Why does the Source DX8 codepath look so poor?

Fodder

Stealth Nerd
Veteran
I was fooling around with codepaths in Source, flicking between DX5/6/7/8/9 to see how it will look for folks with less capable cards, and was quite shocked by the huge difference in quality between DX8 and DX9 on areas where shaders are used. I don't profess to have any experience whatsoever as far as graphics coding goes, but I was surprised that they couldn't make the DX8 path look any better than the somewhat mediocre results provided. For those of you in the know, why is it that DX8 cards are lumbered with thick black lines between tiles, visible 'stepping' on the flagstones, and so on? Surely DX8 isn't that limited?





DX9 on the left, DX8 on the right, click for full size.
 
thop said:
I fail to see the huge difference.

I agree, and i'll add that i like the DX8 path better, at least on the picture with the tiles.
 
You honestly like the wood that isnt near as realistic? The DX9 has far more "bumps and cracks", and just overall looks more real.

Everyone is entitled to an opinion, I just dont see how you can say that on this one.
 
More than new features new hardware always seems to really do more of the old stuff. If you go back to the first directx 8 graphics cards with ps support geforece3/8500 you will see the instruction count on shaders is very small compared to what new cards are capiable of. For example ps1.1(geforce3 still a popular card) can only do 8 instructions where anything with ps2.0 can do 64. and shader version 3 hardware is in the eraly stages of trying to remove these types of arbitray limits and leaving it up to performance to decide how many instructions is good.

This is one of the key reasons why demos can do stuff games can't dream of the other is cpu limits.

One of the key things shaders allow you to do is decrease model complexity and let normal maps and other shaders do the work. So previously many of the visual effects where done by the artist and incoded into the model directly well now more of this visual quility lies in the shaders which let's you use more models on screen that contain less information, you can see how this new way is not as good for old hardware as the old way.

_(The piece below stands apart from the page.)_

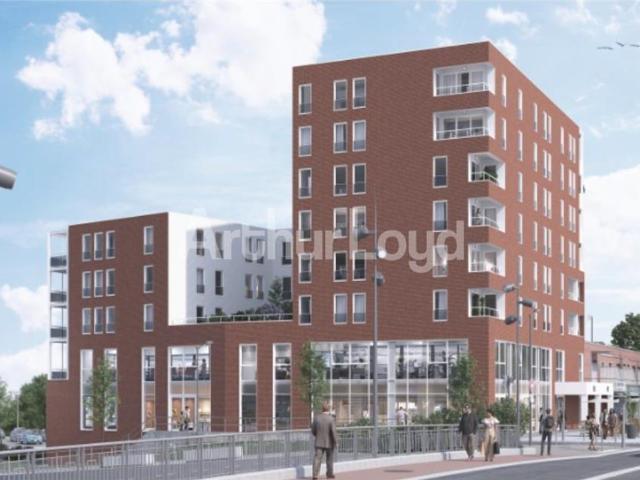 Bureaux Maubeuge centre Proche gare TGV et mairie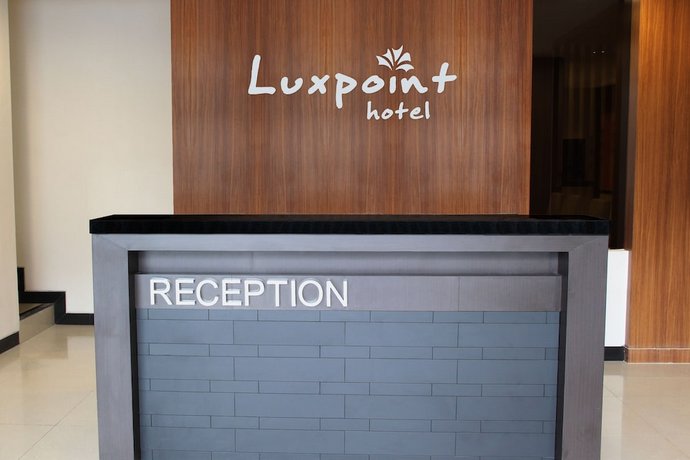Luxpoint Hotel Baratajaya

Old hardware is forced to sacrifice certain shaders and you will try to pick the ones that are have the smallest impact on quility, but many of the effects that in past generations may have been stored in textures or model data just will not exist for these old cards, unless you sen the artist off to create it and this is time that could be spent on other new "cool" assets.

In the end engines have "target hardware" and they will look/run the best on this hardware.
 
Might be that the DX8 shaders don't do normalization but use a cube map lookup (but not for every vector), or may just use interpolated normals, due to speed and lack of instruction slots.

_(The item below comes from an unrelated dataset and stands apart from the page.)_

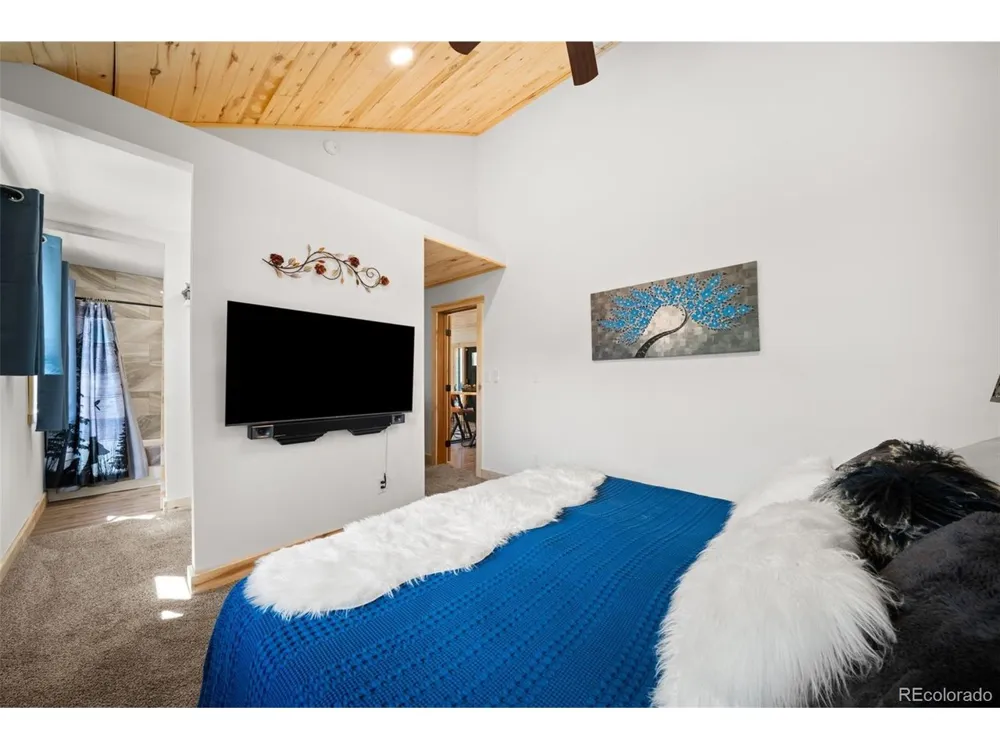 475 Crystal Drive Cripple Creek, CO 80813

It's not precision, since on the R3xx you get fp24 no matter which precision you ask for.
 
DemoCoder said:
It's not precision, since on the R3xx you get fp24 no matter which precision you ask for.
I think it's obvious to many that precision is not the difference here.

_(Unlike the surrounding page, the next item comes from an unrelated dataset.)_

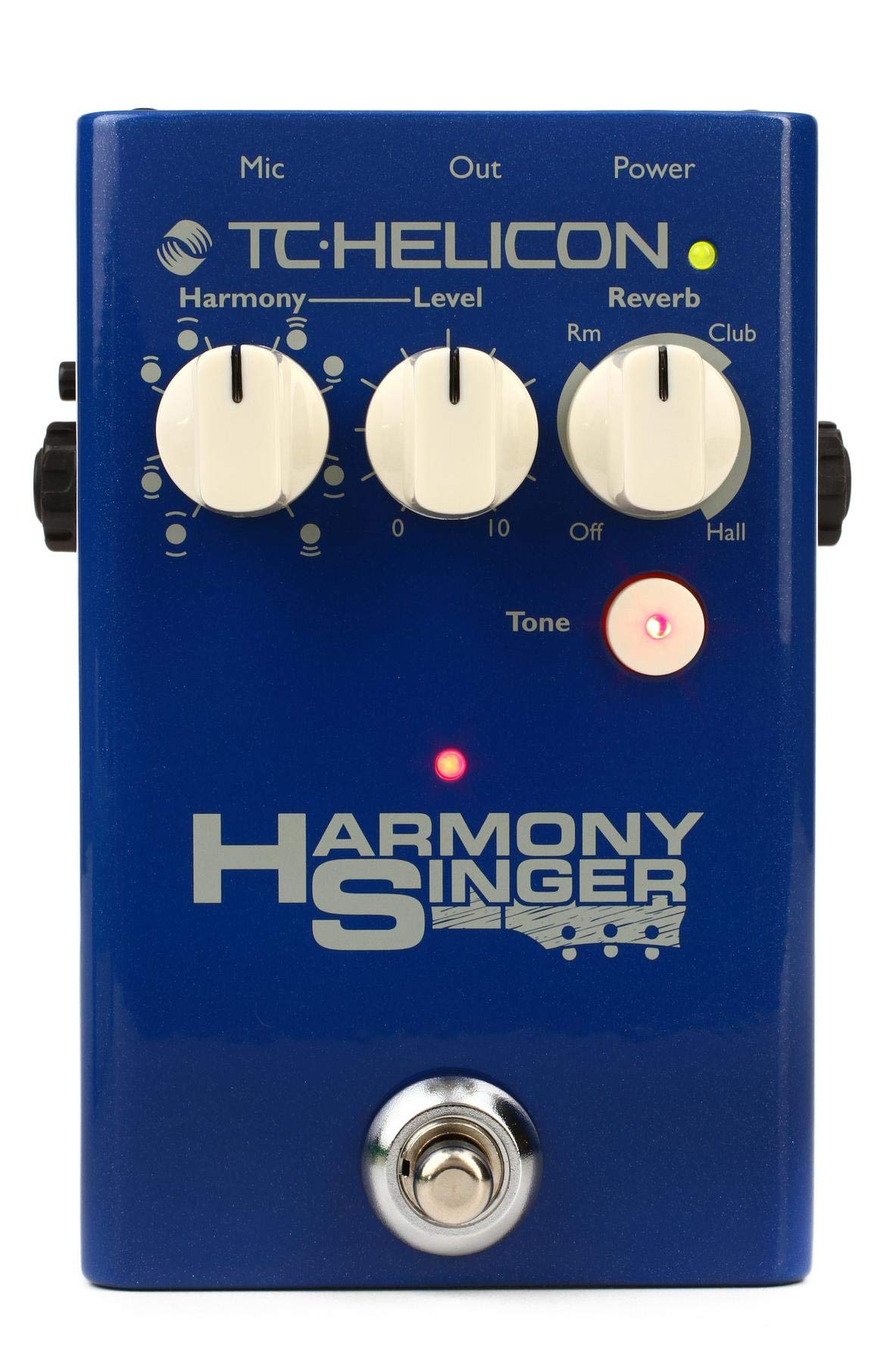 TC Helicon 996371001 Harmony Singer 2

And, of course, FP24-only-no-matter-what-you-want is not limited to just the R3xx... it's all parts including and after R3xx.
 
There are differences in the rendering but I don't think either is better or worse other than the crazed black line on the 1st dx8 shot following the tile grout. That looks like a bug maybe?
 
yeah definitely.

They should try to emulate the dx8 path with the dx9 cards ;)

On the other hand, the game engine has been developped a long way from dx7 to dx9 so it's possible the effect/art pipeline was not created with the new dx9 cards in mind which would explain why dx9 doesn't look so good (kind of reminds me Tomb Raider or Halo PC).
 
Neither path looks pretty in those screenshots. Turn down the specular highlight on the tiles please Valve, they ain't plastic *shudder*

And the wood floor has more detail in the DX8 path.

Rys
 
Like many before me, I perceive the dx8 path to be "better" or more interesting. It seems dx8 is mostly a higher contrast version in terms of the tiles in both cases. Although the dx9 path seems more subtle in its rendering of depth in the cracks in the tiles, it does offer more depth in the fine details of the hands. One can see that the fingernail in the dx9 image seems to have a normal map where the dx8 does not. Where the dx8 nail looks flat and lifeless, slight ridging in the dx9 image brings it to life.

I can fully understand why many may prefer the dx9 renders. They are more subtle and probably more realistic. The preference comes down to whether you like "real" or the exaggerated looks often employed in games and film. It's like how American cars always explode on impact or every pipe in the water/heating system is shiny. It's not realistic, but it makes for interesting/eye-catching effects and looks.

Hmmm...the more I flip between the two versions the more I am becoming convinced that there is no bump mapping at all in the dx9 render. The hands have it, but it looks terribly flat otherwise. Perhaps it is just the lowered contrast or must be seen in motion. Not having the software at hand to test and study its options, I would venture a guess that the dx9 shots have features disabled that are enabled in dx8. Is it possible dx9 defaults to having certain features disabled, such as "world bump mapping", where the dx8 path may have them on due to lowered rendering overhead elsewhere?